View PostRedSpawn, on 2017-May-12, 14:25, said:

Did you read Josh's article about weak 2's?


Yes I did. But Josh at absolute no point in the article emphasized requiring defensive quick tricks in order to open. The fact that he posted examples that happened to have 1 QT doesn't mean that without 1 QT he would definitely not open. He didn't post any examples like "oh here's a hand that has a good 6 cd suit but I won't open it because I don't have any quick tricks".

Quote

how it keeps the quality of the weak 2 open ship-shape.


Ship-shape for what purpose? How is that 1 QT going to help you bid more accurately? What superior contract are you going to reach by passing, or which worse contract are you going to avoid by passing, that is going to gain you matchpoints or gain you IMPS?

You are advocating having a QT just for the purpose of having a QT. You haven't explained how this is going to lead you to a better result in the end. Are you just going to pass throughout? Are you planning on showing a 2 suiter? What if it's at 3 or 4 already when it comes back around?


Quote

Josh said South would open up 2♦ which I am okay with. The hand just so happens to have 1.0 quick tricks and the suit quality for diamonds is okay at QJ10XXX. The side suit quality is in CONTROL and no one has to be heavily concerned for the whereabouts of the QK since the AJ9X suit is in attack mode and likely to capture one of the missing honors with a decent finesse.

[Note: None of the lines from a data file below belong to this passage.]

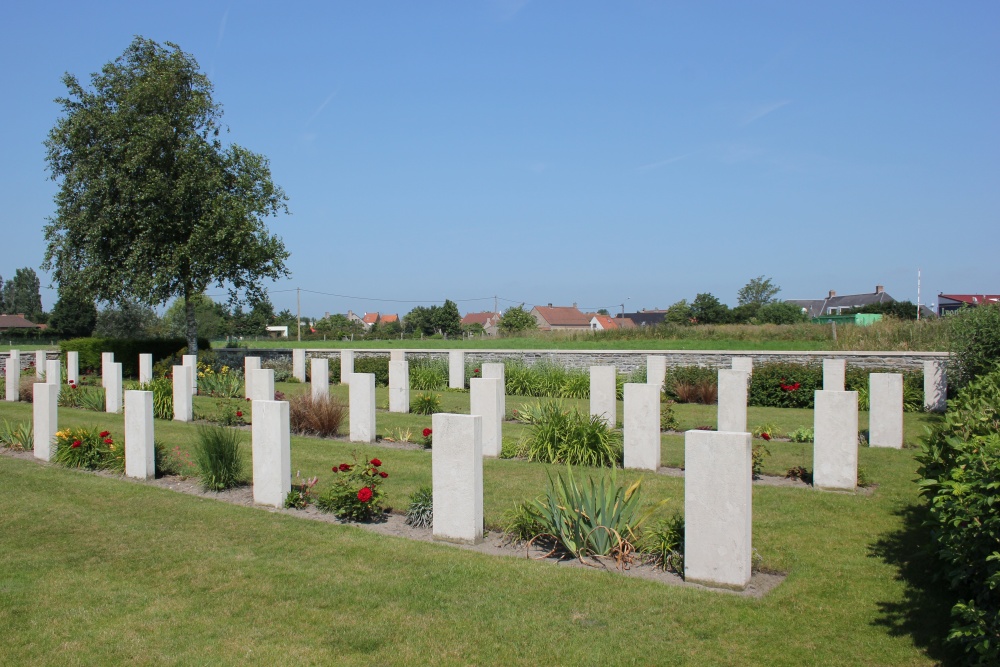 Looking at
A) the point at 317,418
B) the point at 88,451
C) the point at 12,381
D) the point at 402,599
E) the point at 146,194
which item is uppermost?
the point at 146,194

You get 1st round control of clubs, but instead of 1 fast loser in the outside suits you have 3. It's a tradeoff. Having a side six bagger also means possibility of 4-5 winners in that suit with a little help from partner, and fewer losers outside. Side 4 bagger, that only gets you up to 3. Having the side suit is better offensively, on average. Good offense favors bidding over passing. Bidding right away causes the opponents more problems usually than passing and giving them an unobstructed first round.

Having the QT requirement prevents you from jamming the opponents, and you haven't demonstrated at all how it would let partner make more accurate decisions.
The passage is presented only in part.